• **RECORDS**:
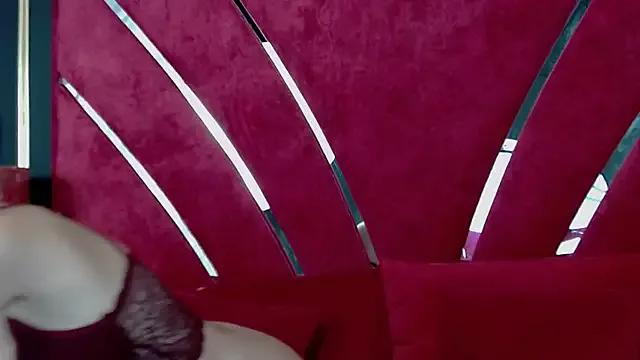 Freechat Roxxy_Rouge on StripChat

* * *

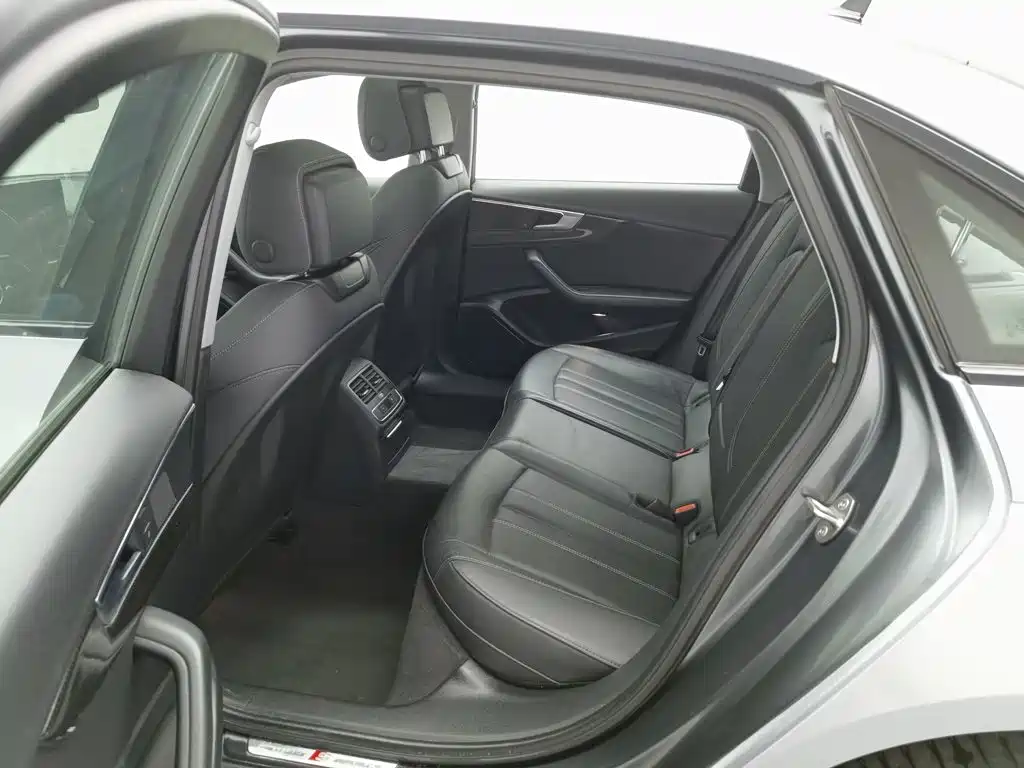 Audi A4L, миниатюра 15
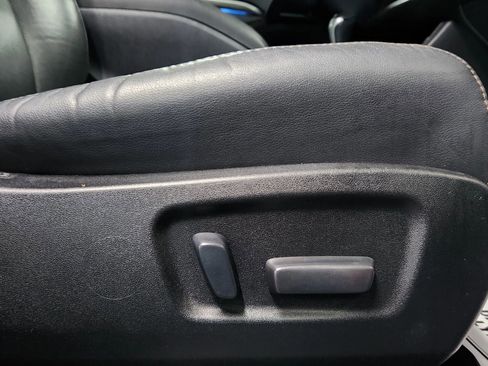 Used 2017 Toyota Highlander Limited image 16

• **YOUR INSTRUCTIONS**:
Would you write out exactly the lines above, starting at the line containing "Audi A4L, миниатюра 15" and stopping after the line containing "Used 2017 Toyota Highlander Limited image 16"? Omit the pictures.

• **TASK RESPONSE**:
 Audi A4L, миниатюра 15
 Used 2017 Toyota Highlander Limited image 16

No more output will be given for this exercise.